All of the robotic arms are sourced through BENTELER, which also supplied a majority of the Volvo leaf spring line’s machinery. “We have our own division in BENTELER Automotive internal mechanical engineering, which builds our equipment in-house,” Ascher explains. “All of our process control software is developed internally as well.”
Only three technicians must be on the floor during production on this line, but others operate behind the scenes, monitoring system performance and re-engineering it, where necessary.
Structured for continuous improvement
Leaving leaf spring production, the tour stops by an enclosed control room, located mid-span on the north side of the hall, that functions as a “war room” for the whole plant. There, metrics are tracked for logistics and employment, and to support efforts for continuous improvement — keys to ensuring performance at the site, in production, maintenance and safety. “This is a daily management area to have the right focus and find quick solutions,” says Ernst-Seibert. “We plan ahead. This expertise comes from BENTELER Automotive.”

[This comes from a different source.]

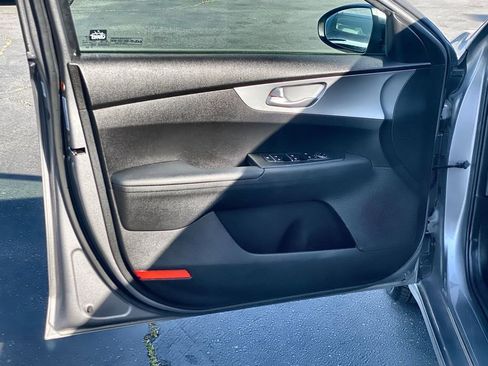 Used 2023 Kia Forte LXS image 12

“This also serves to inform employees so they have a big picture and can see how to contribute to success,” adds Birgit Held, VP corporate communications/marketing for BENTELER International AG. “We also show and discuss ideas for improvement. It’s about people — those working at this site know its operations and issues best. We need to benefit from their ideas, so we provide a structural loop for this.” She says that employee ideas are awarded each year, and progress in addressing and implementing ideas is monitored. “For example, if it is taking too long for an idea to be answered, then it may go to the managing directors,” Held explains, noting that reaction and answering time should not be too long.
CFRP production
The tour resumes, entering the CFRP production area. To the left is an automated cutting station with a long table. Up to 10 layers of material can be cut simultaneously as required for parts in production — four to seven plies is normal. A robot pulls rolls of reinforcement from an inventory shelf along the north wall. Each roll is scanned into the digital enterprise resource planning (ERP) software, which tracks inventory and overall production, but also builds a digital “paper trail” for each part. There will be a barcode on the end of each part to log material and roll data.

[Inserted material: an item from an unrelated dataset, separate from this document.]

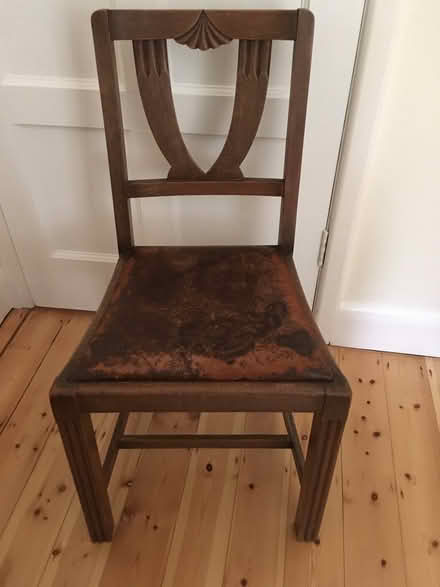 Photo of free 5 dining chairs (Summertown- OX2) #1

The precut material stacks are placed onto a cart that is then rolled a few feet to a heated press, where they are consolidated into a preform. The parts in production during the tour were transferred in and out of the press manually, but Ascher notes, “If the volume is high enough, we automate.” Preforms are then fed into two HP-RTM presses.
The machine shop for equipment maintenance lies just beyond the CFRP production area, in the building’s northeast corner. Across the aisle from it is the wet pressing area (see Wet compression molding). “Under-floor parts for automotive are a good shape for wet pressing,” says Ascher. Like the Volvo leaf spring line, resin storage and mixing/dosing functions are situated on a mezzanine to conserve space and enlist the help of gravity to feed resin to the presses. The single-process cell comprises two wet pressing lines with integrated robots for automated transfers. The presses form the rectangular cell’s two rear corners. A dosing robot, its centerpoint, applies resin to preforms and transfers these to two tables, one for the leftward press and another for the press on the right. Two other robots, one in front of each press, transfer the wetout preforms from the tables into the presses and then back out after cure to finished-part trolleys. Every part in the wet pressing line is inspected — checked for flatness, dimension and shape — and then trimmed and machined.
CFRP machining and MSS assembly
BENTELER SGL’s machining area sits at the production hall’s east end. Its four CNC machining bays house two conventional milling machines and two waterjet systems.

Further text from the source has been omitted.